As difficult as it was for me to leave my kids for the weekend, as much as I missed them, it was so important for me to get away for a short time, so that I could get BACK to me.  Sometimes as a mother, finding the time to just be YOU can feel like an indulgence, and culturally, an indulgence is too selfish. I gave in, and I'm proud of myself. These women were like a map. Reminding me that I am more than just a mom, and pointing out to me when I was and wasn't "keeping my cool." I could have done it without them, I suppose, but it wouldn't have been nearly as fun. I got real lucky last weekend.

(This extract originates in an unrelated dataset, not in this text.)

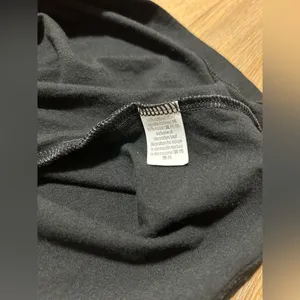 XL Victoria’s Secret semi-cropped t shirt thumbnail 6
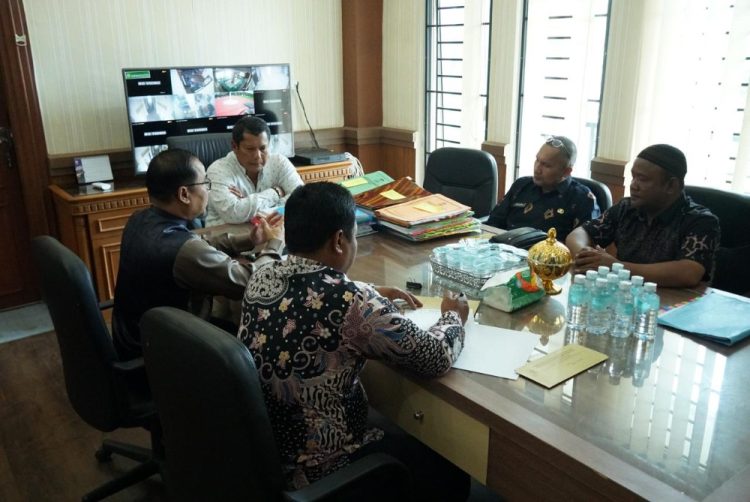 Dosen UIN Ar-Raniry Bahas Strategi KPM Bersama Plt Sekda Aceh Besar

  1. It is so important to remember yourself as a person, not just a mom or a wife. Friendships no matter how formed are some of the most important bonds one can form. I love the fact that you formed a group a long time ago, lost touch, and then came back together. It must be great to see how you have changed but also how much of the core of you was started long ago. Sounds like a great group of women....

  2. I went onmy first "girls weekend" 2 years ago. 9 of us. Yes 9. We met at work and have become really good friends outside of work. Some of us have left or other places but we still keep in touch and always will. Like your group some married, some not, some wih children and some not. We are all different ages and none of us knew each other in high school. It is the best medicine for me to spend a weekend with these women every year. And we too wear comfy clothes and talk. I hope you begin to do this at least yearly too!

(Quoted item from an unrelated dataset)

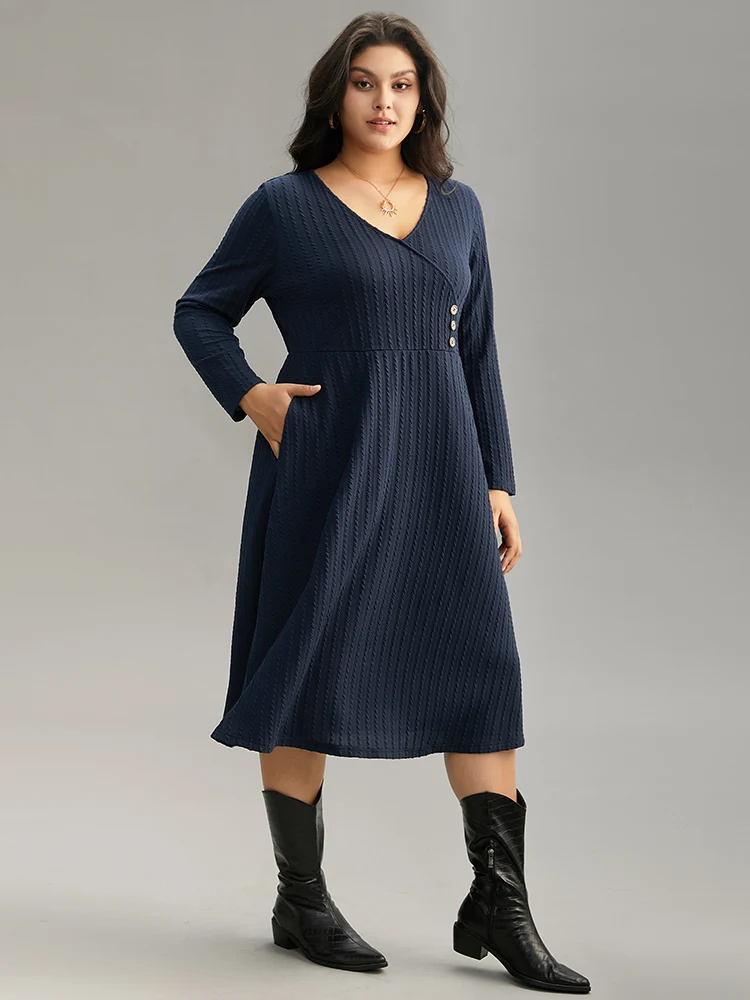 Solid Appliques Button Detail Elastic Waist Dress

  3. I also have a girls weekend ritual, in fact, this year it will be our 22nd consecutive year of getting together. We all grew up together, some since birth, others (like me) coming in to the group "late" at the age of 12. We've been through marriages, divorces, births, deaths, you name it. Our husbands know enough not to mess with the girls trip, and breath a sigh of relief when it's over (although it takes us a few days to return to "normal"). We all live apart, Chicago, Memphis, Knoxville, Twin Cities and each year we go someplace diffferent. In our early 20s it was a quick weekend trip to one of our homes, not in our mid 40s, it an extended 5-6 day trip to places like San Diego, Seattle, even Puerto Rico. The trips are priceless!!

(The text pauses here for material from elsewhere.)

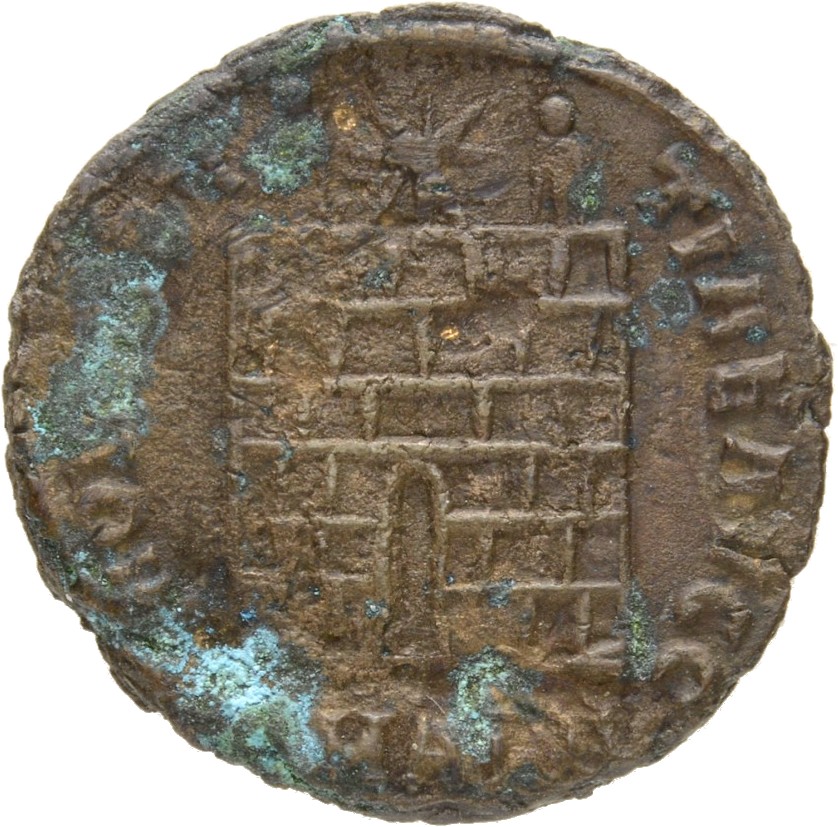 Constantine I reverse — Camp gate with two turrets, without doors, with varying number of stone layers; star above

  4. Just had dinner with my roommate from college last night. We talked for over 4 hours and my husband still doesn't understand if we had 2 days we would have talked through those too. It makes me feel like I got a massage, took a yoga class and meditated next to the ocean all in one. So, so great.

  5. Myself and four high school girlfriends spent a week together last summer at a lake cottage in Michigan. We hadn't all been together in over 20 years and yet it was like we had never been apart. We walked, talked, ate, drank, laughed and cried. It was amazing. We are lamenting that we can't get together this summer (too many graduations) but can't wait to do it again in 2012. I sent them all a copy of your blog and they all responded that it was written about us. Thank Zuckerman for Facebook, it was how we all found each other again!

  6. Oh I'm so thrilled it was rejuvenating for you and that you got to connect on a deeper level. We are a different breed than the boys. My hubby can play golf for six hours and come home with no new information from the guys he was with. It baffles me, just as it baffles him that I have the ability to talk endlessly to a dear friend. So glad you got the chance to do it all weekend!